Nor am I a fan of edging plants, or indeed anything planted in rows other than proper hedges or vegetables, but that is a matter of style and personal taste. Fringes of mondo grass, liriope or anything else leave me cold but edging rows of matched annuals make me raise my eyebrows. Not even moderately tasteful white petunias cut the mustard when planted as an edging.

The contemporary look is to plant in blocks. The landscaper look is to plant in sharply defined geometric blocks each comprised of only one evergreen plant. Clivias are good, renga renga lilies are a bit untidy. Hellebores are probably acceptable, as is liriope or trachelospermum. Natives like prostrate muehlenbeckia are better.

Bergenia ciliata and Siberian irises – this gardener’s version of block planting

The middle ground is to gently block-plant but in more interesting combinations and in less rigidly defined grids. I am far more comfortable with that approach and it makes gardening interesting to play with different combinations. It also has advantages in making maintenance easier to group plants which require more frequent care – such as dead heading, staking, dividing, or grooming. Rectifying mistakes or bad decisions including eliminating invasive thugs is more localised if you are planting in blocks. I tend to blur the edges of my block plantings so that the overall look is softer and less delineated because that suits our style of gardening better. There is no doubt that if the upper layers of the garden are varied and mixed, some sort of unity in the bottom layer creates a more harmonious picture. I would argue that the flip side of the coin is also true: if your upper layers are rigidly conformist and consist of restrained plantings of only one or two different plants, ringing the changes with more complex and varied under plantings will make it a great deal more interesting.

Acceptable clivias

If you don’t want to go the block planting route, the old fashioned cottage garden genre may be an alternative. Essentially this is a jostle of perennials, annuals and bulbs in combination with small shrubs, often roses, where self seeding is encouraged. If you want a more modern look, you colour tone it rather than the traditional riot of random colour that nature achieves. If you like a tidy garden which is weed free, it is not an easy style to manage well. More often it is best viewed in passing, rather than looking at the detail.

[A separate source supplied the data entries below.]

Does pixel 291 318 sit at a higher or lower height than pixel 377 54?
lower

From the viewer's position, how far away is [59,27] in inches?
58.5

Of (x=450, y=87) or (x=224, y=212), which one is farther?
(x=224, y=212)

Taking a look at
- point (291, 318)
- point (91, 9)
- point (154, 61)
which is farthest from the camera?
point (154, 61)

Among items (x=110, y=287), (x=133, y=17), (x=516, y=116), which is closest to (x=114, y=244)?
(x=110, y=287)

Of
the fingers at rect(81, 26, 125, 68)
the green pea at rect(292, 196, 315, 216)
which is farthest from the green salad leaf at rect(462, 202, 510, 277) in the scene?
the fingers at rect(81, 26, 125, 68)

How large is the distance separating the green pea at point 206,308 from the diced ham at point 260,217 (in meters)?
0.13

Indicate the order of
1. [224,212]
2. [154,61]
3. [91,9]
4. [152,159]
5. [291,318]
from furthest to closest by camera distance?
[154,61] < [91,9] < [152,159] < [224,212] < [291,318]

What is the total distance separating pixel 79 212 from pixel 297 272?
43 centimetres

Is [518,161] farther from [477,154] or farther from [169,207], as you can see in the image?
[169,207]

Then, of course, you could ask yourself whether under planting is even necessary in some areas. The requirement that all garden beds and borders be layered with nary a glimpse of garden soil is relatively recent. In times past, it was fine to plant shrubs and trees without any bottom layer at all. It was called a shrubbery. Just don’t plant the shrubs too close together or you end up with a hedge. Each shrub needs to stand in its own space. As nature abhors a vacuum, mulch all the bare earth with something anonymous or you will grow a carpet of weeds. It is certainly easier to maintain than more complex plantings. It will probably look more attractive than the hodge podge assemblage of random plants I saw. It should look classier than the row of alternating annuals. Maybe it is time to start a movement called The Shrubbery Revival. Neo-shrubberies, maybe?

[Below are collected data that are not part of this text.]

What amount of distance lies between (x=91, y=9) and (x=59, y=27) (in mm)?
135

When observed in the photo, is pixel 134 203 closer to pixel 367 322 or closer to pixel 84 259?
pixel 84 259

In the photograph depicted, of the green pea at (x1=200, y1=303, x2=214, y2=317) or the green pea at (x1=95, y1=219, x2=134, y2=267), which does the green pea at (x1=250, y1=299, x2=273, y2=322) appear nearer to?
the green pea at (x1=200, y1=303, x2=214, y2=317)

First published in the Waikato Times and reprinted here with their permission.

2 thoughts on “The vexing issue of underplanting

  1. nays

    “the selection criterion seemed solely that the plant should not reach more than 30cm in height”
    I think the fashion for ‘compact plants’ contributes greatly to the hodgepodge look, and I can’t understand why shrubs and herbaceous plants are being bred down so small. Small trees are useful for urban sections, but we don’t need to miniaturise everything else.